La politica in questi ultimi decenni ha subito notevoli mutamenti, non sempre migliorativi.
Prendiamo, per esempio, l’elezione del sindaco nei piccioli centri. Un tempo, la scelta del candidato avveniva all’interno di un partito o di una coalizione. Il capolista era cercato tra i maggiorenti del paese: un personaggio munito di carisma per preparazione, cultura, onestà, tradizioni familiari, costumi di vita attorno al quale coagulava il consenso degli elettori. Non era facile trovare soggetti idonei all’incarico e quelli disponibili erano chiamati a sacrificarsi per il bene del paese.
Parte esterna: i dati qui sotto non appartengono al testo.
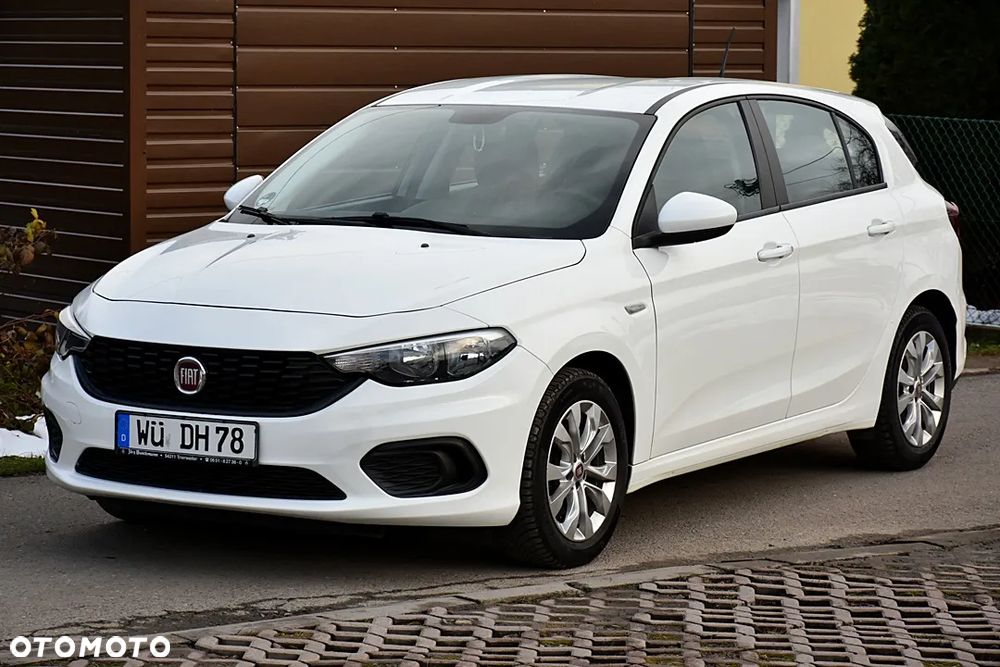 Fiat Tipo 1.4 16V More - 2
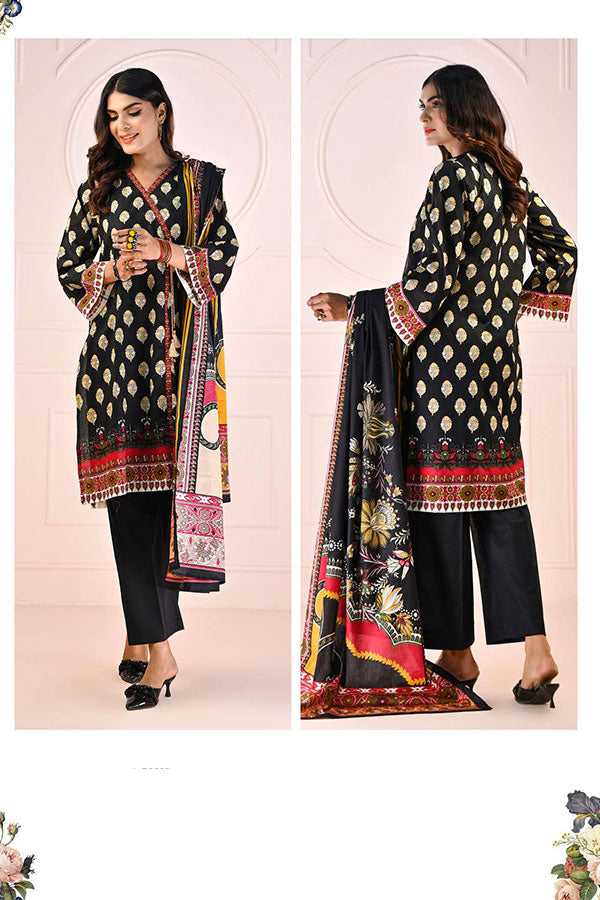 Marinas Print Lawn`25 MARL#2410001-B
Oggi la situazione si è rovesciata. Non è il partito che sceglie il suo candidato, ma il candidato che si propone al popolo. Lo svolgimento della campagna elettorale è l’emblema di questo cambiamento. La disaffezione verso la politica è la regola. I partiti sono freddi simboli riportati sulle schede. I comizi hanno bisogno di essere tenuti nella sala degli specchi per moltiplicare l’effetto dei partecipanti, e i dibattiti galleggiano in un mare di banalità e incongruenza. L’aspirante candidato attorniato dai suoi “bravi” gira per le vie del paese, come un comitato cittadino che questua l’obolo per la festa del Santo patrono. Esaurito il periodo elettorale, rimangono le sedie vuote dei partecipanti, quasi fosse un concorso a posti. Per cinque lunghi anni la politica attraversa il deserto dei tartari tra le aride nebbie della quotidianità e le liste sembrano barconi stracolmi d’extracomunitari che si arenano sulla battigia della politica. Il candidato eletto non conserva il carattere democratico della carica, pronto a risolvere i problemi della collettività o a sacrificarsi per essa, ma spesso è il tornaconto personale che lo guida o il delirio d’onnipotenza, l’espansione del proprio Io che lo mette in fuga dal rapporto interpersonale. Un difetto molto ricorrente in chi non abituato al potere, n’è improvvisamente abbagliato. Difficilmente un personaggio siffatto si mescola alla folla, per saggiarne gli umori e conservare il consenso che è l’ossigeno d’ogni democrazia. Arroccato al suo potere, gode del narcisismo della sua immagine dimentico di stare assiso su uno scranno paurosamente traballante.
Questo novello populismo elettivo ha solo l’apparenza di un’autentica elezione diretta, perché in concreto finisce col diventare un assalto alla diligenza, in cui dell’antica concretezza del fare nulla o poco rimane. Il popolo o meglio quello che rimane di esso è chiamato ad esprimere un consenso in cui “la qualità” non è una scelta consapevole e selettiva, ma è condizionata “da quello che la piazza offre”: L’elezione spesso è costruita su una minima percentuale di voti legittimando un candidato che spesso rappresenta solo se stesso.
Tornare indietro non si può. Non ci resta che spingere sgomenti e rassegnati il treno della speranza di cui nessuno conosce la meta. In queste condizioni Il “ grecale” della politica soffia sugli entusiasmi gelando le attese delle piccole comunità sempre più orfane d’idee e di valori.